An dem oberen verjüngten Theile der Säule stehen vier Tannenbäumchen in Kübeln, die Stämme mit Festschmuck von Wappen, Schildern und Bändern verziert, ihre Zweige zu Nischen bildend, unter welchen ein Quartett Musiker in Knabengestalten anmuthig placirt ist, von denen der Eine die Flöte, der Zweite das Horn, der Dritte die Schalmei und der Vierte den Dudelsack bläst. Die originelle knappe Kleidung der Knaben hebt ihre jugendlichen Formen reizend hervor und erhöht dadurch den Eindruck von Naivetät, welcher dieses kleine Tonkünstler-Quartett auszeichnet. Auf der Plattform über diesen Kinderfiguren steht der Altgeselle, ebenfalls in leichter Kleidung, welche die kräftigeren schönen Formen sehen läßt; den Weinkrug in der Linken, schwingt die Rechte den Becher hoch in der Luft.
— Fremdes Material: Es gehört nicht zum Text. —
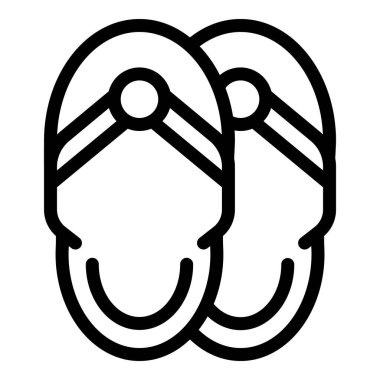 Spa terlikleri ikon ana hatları vektörü. Kumaş kumaş. Peçete tekstili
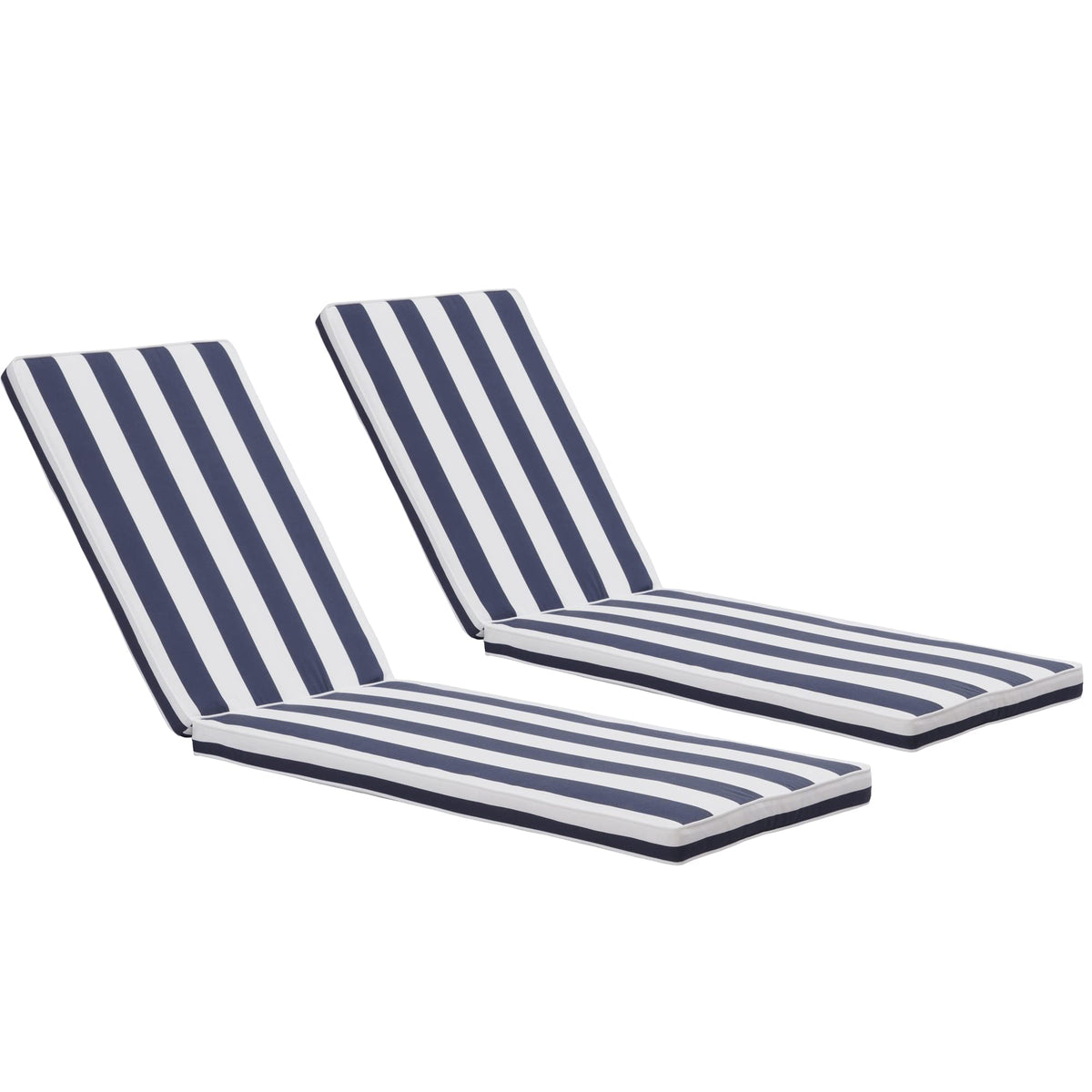 Only Choice outdoor lounge chair cushions in blue-white stripes add comfy seating.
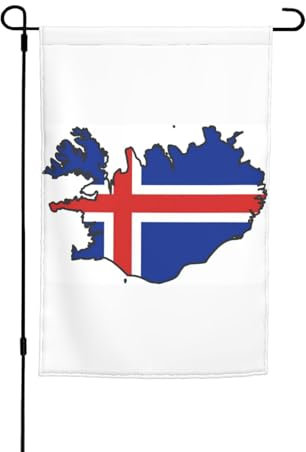 Island-Flagge mit Papierdruck, 30 x 45 cm, doppelseitige Außenflagge für den Außenbereich, Terrasse, Dekoration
Außer diesen heiteren Darstellungen finden sich bei näherer Betrachtung an untergeordneten Stellen noch zwei Reliefs, welche auf jene grauenvolle geschichtliche Erinnerung hindeuten, die man mit der Sitte des Metzgersprungs in Verbindung bringt. Unter den großen Muschelschalen, zwischen den sitzenden Gruppen, kauern als Träger der Schalen zwei unheimliche Gestalten, stets vom Wasser bespült, die eine mit Schädeln und Todtengebeinen, die andere mit Fledermäusen gekrönt. Sie halten erdrückte drachenartige Gewürme in ihren Händen, Symbole der Pest und Cholera. Dagegen nippen oberhalb der von Wasser überfließenden Schalen ein Paar allerliebste Tauben hüben, und drüben ein Paar der Kufe entsprungene muntere Fischlein von dem erfrischenden Naß. Die sich kreuzenden Wasserstrahlen, welche von den speienden Delphinen aufwärts steigen und aus den Löwenköpfen und den Wasserkübeln abwärts sprühen, beleben das Ganze und verleihen den fröhlichen Gruppen noch größeren Reiz.
Das Monument ziert an derselben Stelle des alten Brunnens, der die heitere Scene erlebte, als Schmuck den Marienplatz, dessen Besuch wir allen Reisenden dringend empfehlen.